Pioneering AI for Nepali Sign Language Recognition

TLDR: This research introduces the first benchmark dataset for Nepali Sign Language (NSL), comprising 36 gesture classes with 1,500 samples each, collected with plain and random backgrounds. It evaluates deep learning models (MobileNetV2 and ResNet50) using transfer learning and fine-tuning for NSL character recognition. MobileNetV2 achieved a higher classification accuracy of 90.45% compared to ResNet50’s 88.78%, demonstrating its effectiveness in low-resource settings. The study also proposes a real-time video-based recognition system, laying a foundation for assistive technologies for NSL users.

Communication is a fundamental human right, yet for individuals with hearing and speech impairments, especially in regions with under-resourced sign languages, it presents significant challenges. In Nepal, where tens of thousands rely on Nepali Sign Language (NSL) for daily communication, there has been a notable absence of digital linguistic datasets and computational tools to support its recognition and use.

A recent study titled “Nepali Sign Language Characters Recognition: Dataset Development and Deep Learning Approaches” addresses this critical gap. Authored by Birat Poudel, Satyam Ghimire, Sijan Bhattarai, Saurav Bhandari, and Suramya Sharma Dahal, this research introduces the first-ever benchmark dataset for NSL, paving the way for advanced assistive technologies and further research in this vital area. You can read the full paper here: Nepali Sign Language Characters Recognition: Dataset Development and Deep Learning Approaches.

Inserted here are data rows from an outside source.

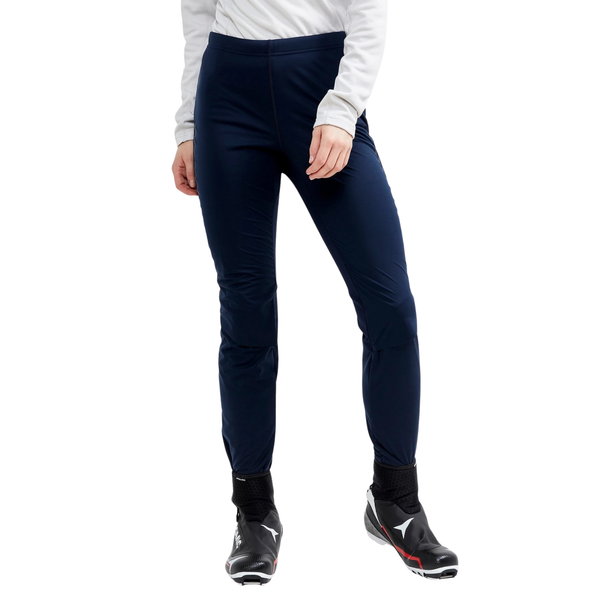 ADV Nordic Training XC Ski Tights - Women's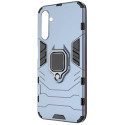 Чохол ArmorStandart DEF27 для Samsung A14 A145/A14 5G A146 Blue (ARM67741)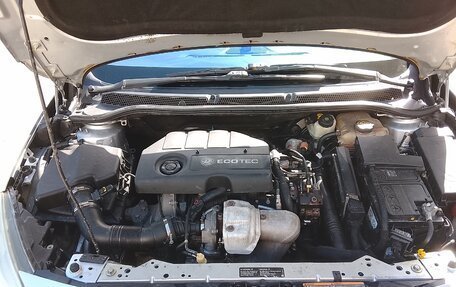 Opel Astra J, 2010 год, 540 000 рублей, 13 фотография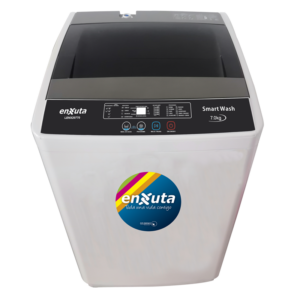 Lavarropas Aut. 7 Kg Enxuta Carga Sup. Lenx20770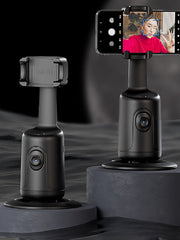 Load image into Gallery viewer, Face Tracking Phone Holder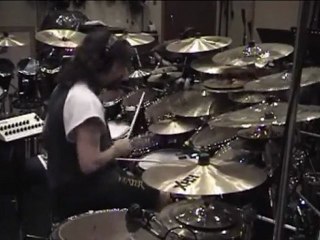 Stream Of Consciousness - Mike Portnoy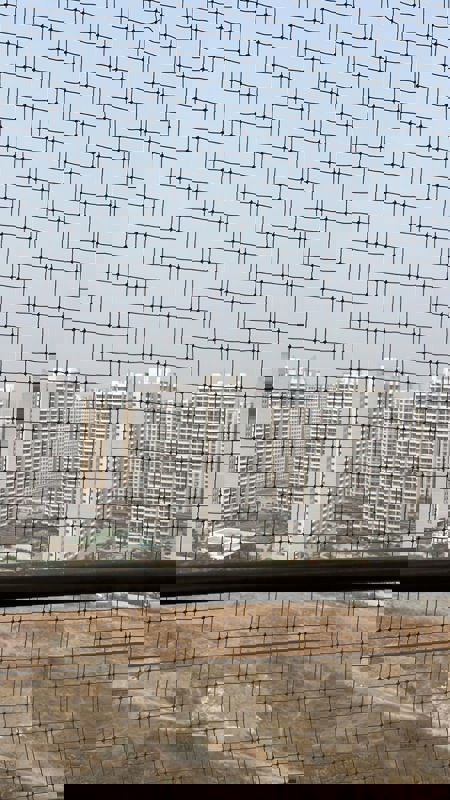 3 BHK + Pooja Room Apartment For Sale in Kolte Patil Life Republic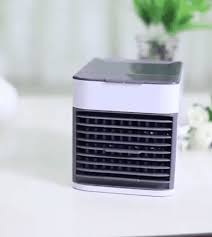 This report will definitely raise a few eyebrows. Evaporative Mini Air Cooler With Compact Design Suko Store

Building the Foundation: The NSL Dataset

The cornerstone of this research is the creation of a custom dataset specifically designed for Nepali Sign Language character recognition. This comprehensive dataset features 36 distinct NSL gesture classes, with each class containing 1,500 samples. To ensure the models could perform well in various real-world scenarios, the images were collected under two different background conditions:

Plain Background: 1,000 images per character against uniform, clean backgrounds for controlled learning.
Random Background: 500 images per character against varied, realistic backgrounds to enhance model robustness.

This dual-background approach resulted in a substantial dataset of 54,000 images, providing rich and diverse training data for deep learning models. The data was preprocessed into TensorFlow’s TFRecord format for optimized performance.

Leveraging Deep Learning for Recognition

To evaluate the recognition performance on their new dataset, the researchers employed two popular pre-trained Convolutional Neural Network (CNN) architectures: MobileNetV2 and ResNet50. These models, initially trained on the vast ImageNet dataset, were adapted for the 36-class NSL classification task using a technique called transfer learning and fine-tuning.

The training process involved a progressive two-phase strategy:

Phase 1 (Frozen Base Model Training): The core convolutional layers of the pre-trained models were kept frozen, and only the newly added classification layers were trained. This allowed the models to quickly learn the specific features of NSL characters.
Phase 2 (Partial Fine-Tuning): Selected deeper layers of the base models were unfrozen and trained with a reduced learning rate. This fine-tuning step enabled the models to adapt more precisely to the nuances of NSL gestures while retaining the powerful representations learned from ImageNet.

Both phases used the Adam optimizer and Sparse Categorical Cross Entropy as the loss function, with specific learning rates and batch sizes defined for optimal training.

Key Findings and Performance

The evaluation revealed compelling results. MobileNetV2 consistently outperformed ResNet50 in recognizing Nepali Sign Language characters. MobileNetV2 achieved a classification accuracy of 90.45%, while ResNet50 reached 88.78%. This outcome is particularly significant because MobileNetV2 is a lightweight architecture with fewer parameters compared to the deeper ResNet50.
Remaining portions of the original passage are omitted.